Regular Expression Functions

更新时间:
复制 MD 格式

Use regular expression functions to extract, match, replace, and split strings in SQL and SPL queries.

Regular expression functions

SLS supports the following regular expression functions, all using RE2 syntax.

Important If you want to use strings in analytic statements, you must enclose strings in single quotation marks (''). Strings that are not enclosed or enclosed in double quotation marks ("") indicate field names or column names.
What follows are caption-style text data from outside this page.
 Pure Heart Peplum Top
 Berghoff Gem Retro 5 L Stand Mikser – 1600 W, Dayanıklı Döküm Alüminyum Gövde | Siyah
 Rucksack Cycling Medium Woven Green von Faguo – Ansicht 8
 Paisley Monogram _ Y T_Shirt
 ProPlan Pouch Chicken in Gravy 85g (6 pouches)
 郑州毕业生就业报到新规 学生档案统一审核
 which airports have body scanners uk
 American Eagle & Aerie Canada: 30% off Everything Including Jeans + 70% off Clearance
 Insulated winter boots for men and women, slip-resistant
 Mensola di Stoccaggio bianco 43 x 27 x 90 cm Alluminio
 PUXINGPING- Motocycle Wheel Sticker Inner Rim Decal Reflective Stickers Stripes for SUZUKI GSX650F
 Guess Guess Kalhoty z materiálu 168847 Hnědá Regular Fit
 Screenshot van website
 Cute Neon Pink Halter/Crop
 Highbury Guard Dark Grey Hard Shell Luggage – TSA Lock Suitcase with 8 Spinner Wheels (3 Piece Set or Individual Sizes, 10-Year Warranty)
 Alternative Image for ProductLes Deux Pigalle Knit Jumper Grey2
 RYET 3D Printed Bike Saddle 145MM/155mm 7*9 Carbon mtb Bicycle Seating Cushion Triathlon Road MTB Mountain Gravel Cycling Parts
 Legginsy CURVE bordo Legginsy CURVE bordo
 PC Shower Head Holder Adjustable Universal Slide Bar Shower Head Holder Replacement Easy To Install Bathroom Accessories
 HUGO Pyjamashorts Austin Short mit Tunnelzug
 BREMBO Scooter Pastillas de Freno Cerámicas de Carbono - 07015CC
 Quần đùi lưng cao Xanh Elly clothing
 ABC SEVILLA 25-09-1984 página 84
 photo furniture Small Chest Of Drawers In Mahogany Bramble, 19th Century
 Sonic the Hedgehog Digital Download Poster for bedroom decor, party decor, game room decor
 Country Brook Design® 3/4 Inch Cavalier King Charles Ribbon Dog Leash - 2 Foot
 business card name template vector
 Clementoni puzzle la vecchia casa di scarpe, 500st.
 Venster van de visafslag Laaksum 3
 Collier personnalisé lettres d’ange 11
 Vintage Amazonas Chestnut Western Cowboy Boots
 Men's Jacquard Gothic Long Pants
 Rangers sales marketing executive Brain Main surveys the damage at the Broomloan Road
For example, 'status' indicates the status string, and status or "status" indicates the status log field.

Function

Syntax

Description

SQL

SPL

regexp_extract_all function

regexp_extract_all(x, regular expression)

Returns an array of all substrings that match a regular expression.

×

regexp_extract_all(x, regular expression, n)

Returns the specified capturing group from all matches as an array.

×

regexp_extract function

regexp_extract(x, regular expression)

Returns the first substring that matches a regular expression.

regexp_extract(x, regular expression, n)

Returns the n-th capturing group from the first match.

regexp_extract_bool function

regexp_extract_bool(x, regular expression)

Converts the first match to BOOLEAN. Returns null if the conversion fails.

×

regexp_extract_bool(x, regular expression, n)

Converts the specified capturing group from the first match to BOOLEAN. Returns null if the conversion fails.

×

regexp_extract_long function

regexp_extract_long(x, regular expression)

Converts the first match to BIGINT. Returns null if the conversion fails.

×

regexp_extract_long(x, regular expression, n)

Converts the specified capturing group from the first match to BIGINT. Returns null if the conversion fails.

×

regexp_extract_double function

regexp_extract_double(x, regular expression)

Converts the first match to DOUBLE. Returns null if the conversion fails.

×

regexp_extract_double(x, regular expression, n)

Converts the specified capturing group from the first match to DOUBLE. Returns null if the conversion fails.

×

regexp_extract_map function

regexp_extract_map(x, regular expression, keys)

Maps provided keys to their corresponding capturing group matches.

×

regexp_extract_map(x, regular expression)

Maps the first capturing group as keys to the second as values.

×

regexp_like function

regexp_like(x, regular expression)

Checks whether a string matches a regular expression.

regexp_replace function

regexp_replace(x, regular expression)

Removes all substrings that match a regular expression.

regexp_replace(x, regular expression, replace string)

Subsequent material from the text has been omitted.